Retype every line from the one containing "鲤鱼中的腐败希瓦氏菌不同温度条件下二级模型参数验证（一）" through the last line of the records below, both included; leave out the pictures.

-*-

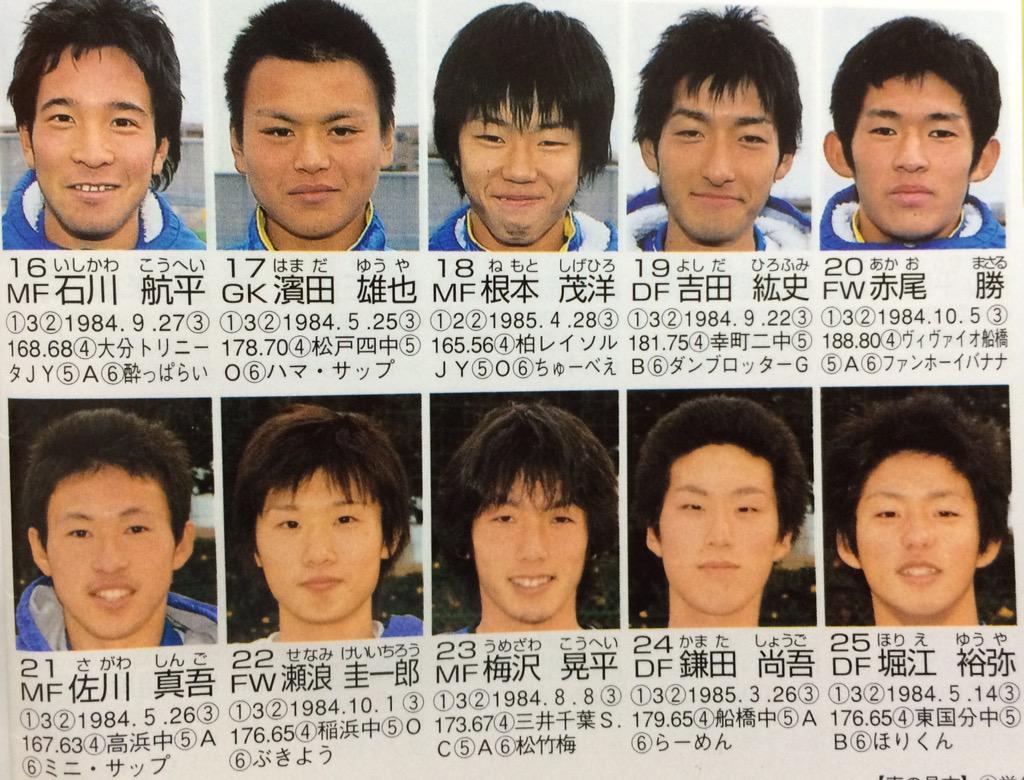 第81回高校サッカー選手権名鑑より市立船橋高校。この高校も国見高校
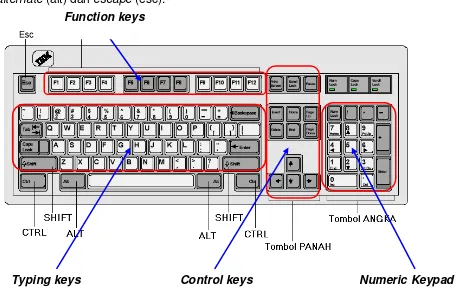 Gambar  2 :Bagian – bagian keyboard 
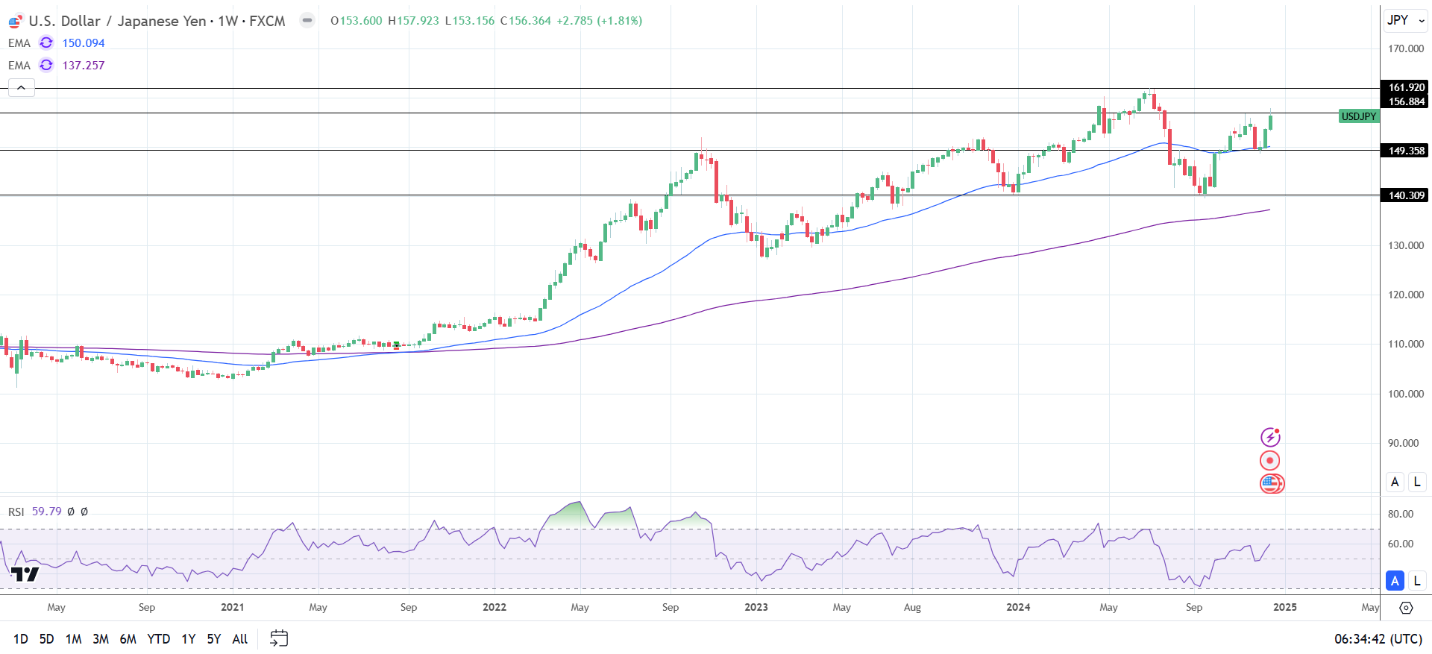 USD/JPY set for a choppy 2025.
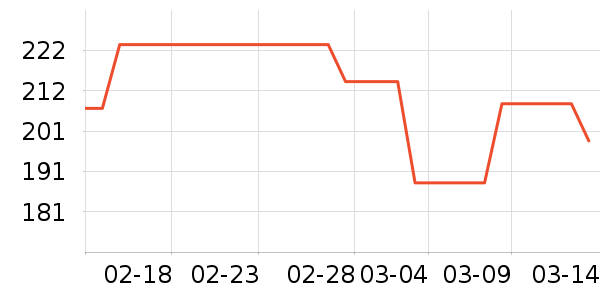 MLB.ñ��/Χ��/������װ��ʷ�۸�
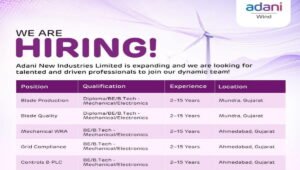Adani Wind Recruitment 2026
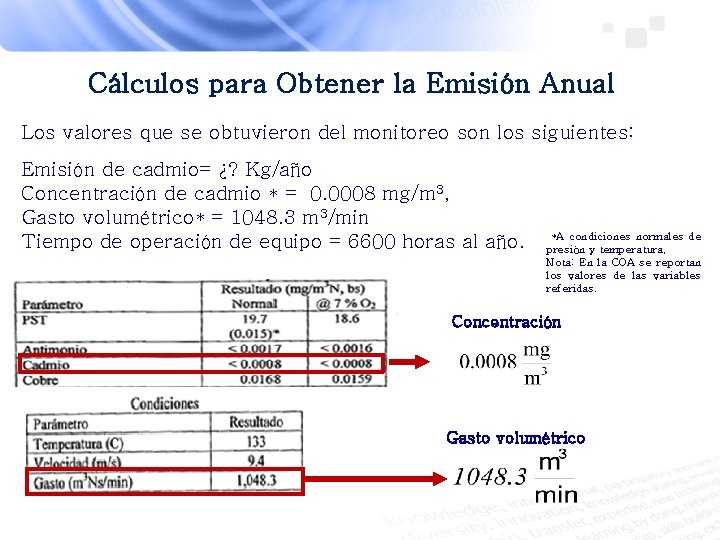 Cálculos para Obtener la Emisión Anual Los valores que se obtuvieron del monitoreo son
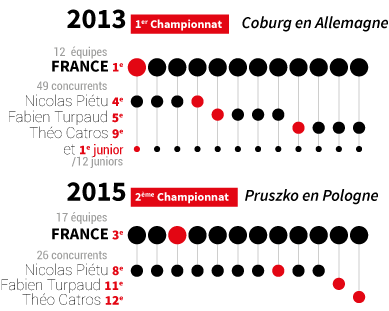 palmares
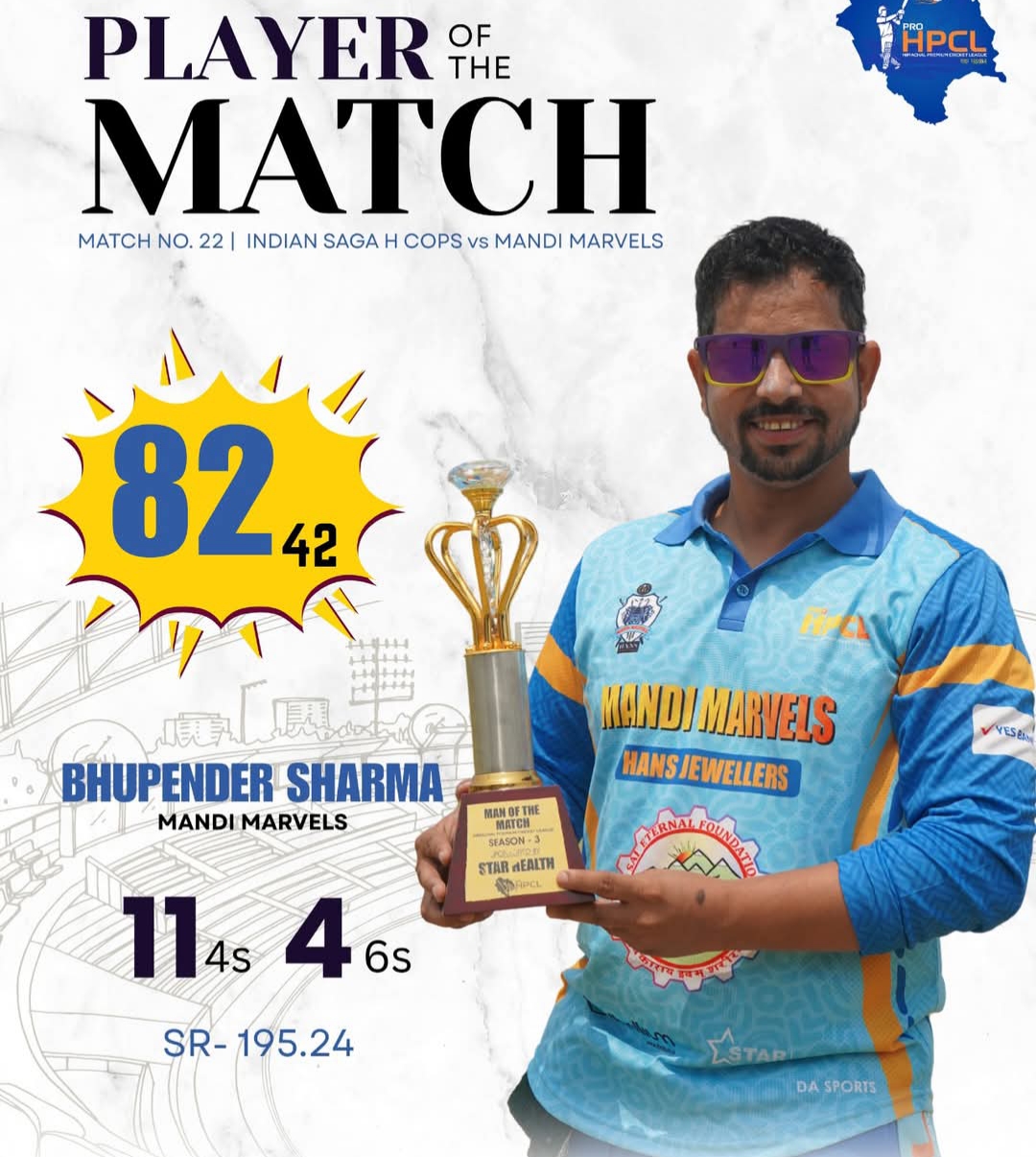 Bhupende Sharma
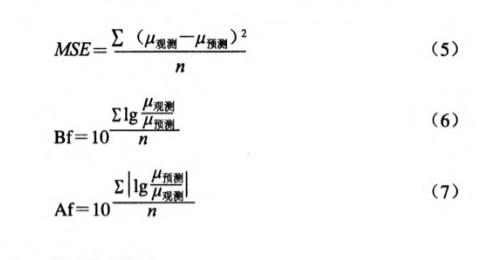 鲤鱼中的腐败希瓦氏菌不同温度条件下二级模型参数验证（一）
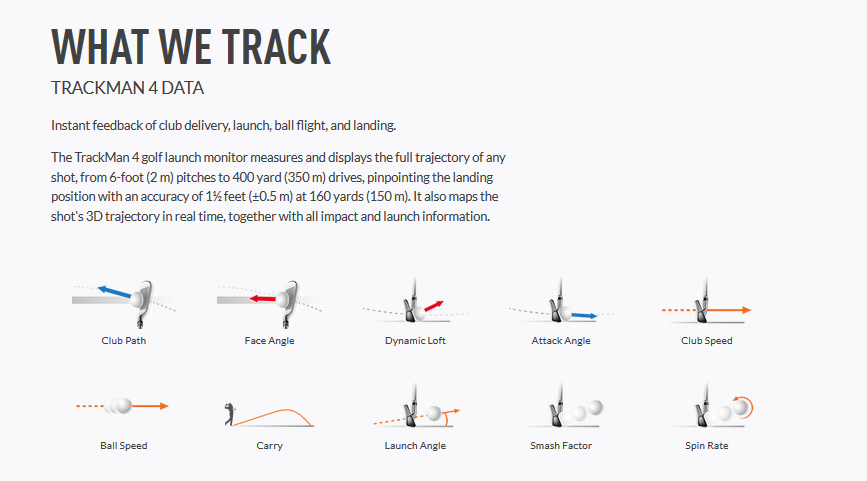 Trackman 4 - Indoor Version - Launch Monitor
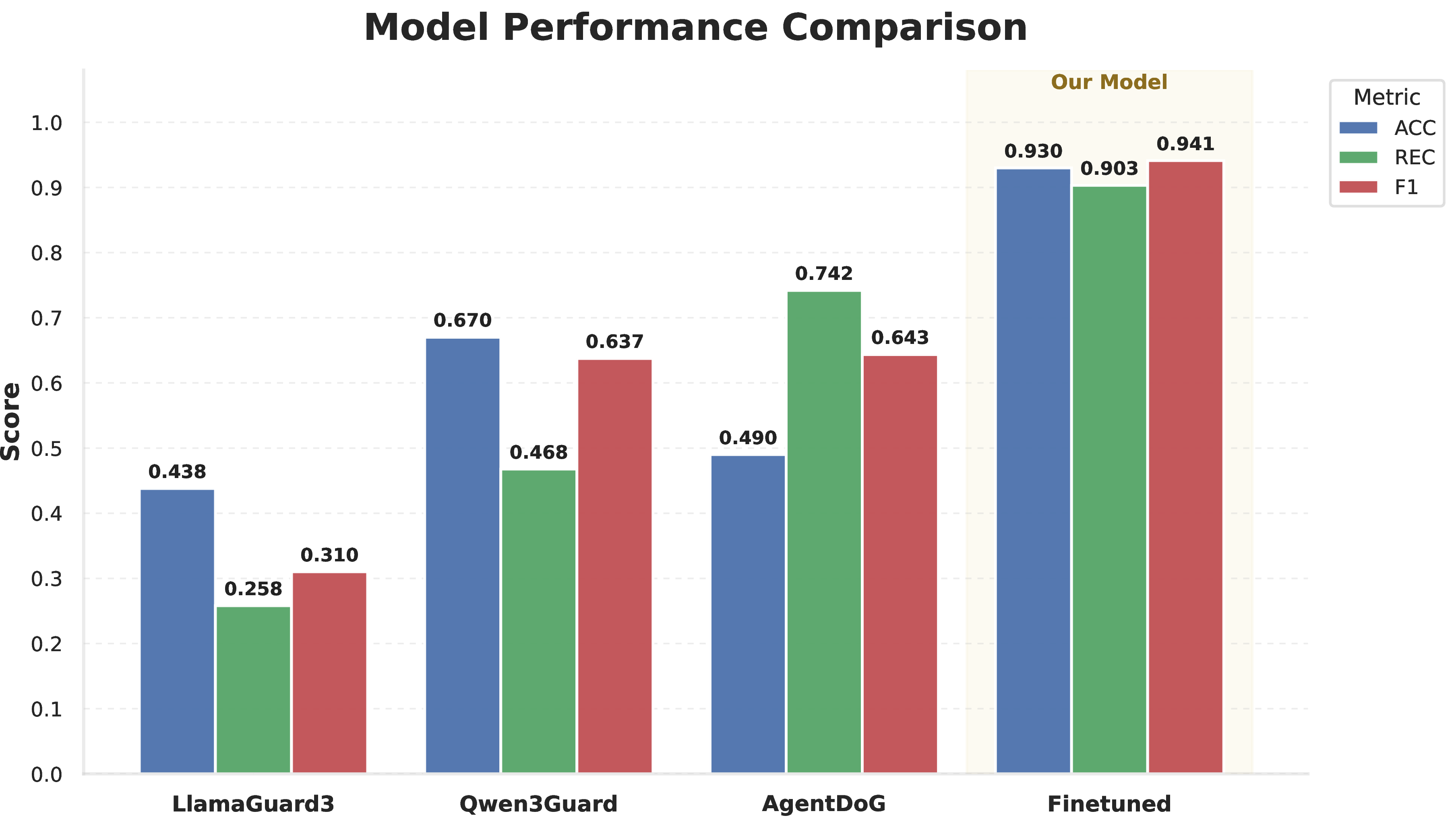 Figure 4: Performance of off-the-shelf and fine-tuned guard models on the Vera downstream safety-classification task. We report accuracy, recall, and F1. Existing guard models show limited transfer to this benchmark, while fine-tuning Qwen3Guard on Vera-derived data yields substantial gains across all three metrics.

-*-

The answer:
 鲤鱼中的腐败希瓦氏菌不同温度条件下二级模型参数验证（一）
 Trackman 4 - Indoor Version - Launch Monitor
 Figure 4: Performance of off-the-shelf and fine-tuned guard models on the Vera downstream safety-classification task. We report accuracy, recall, and F1. Existing guard models show limited transfer to this benchmark, while fine-tuning Qwen3Guard on Vera-derived data yields substantial gains across all three metrics.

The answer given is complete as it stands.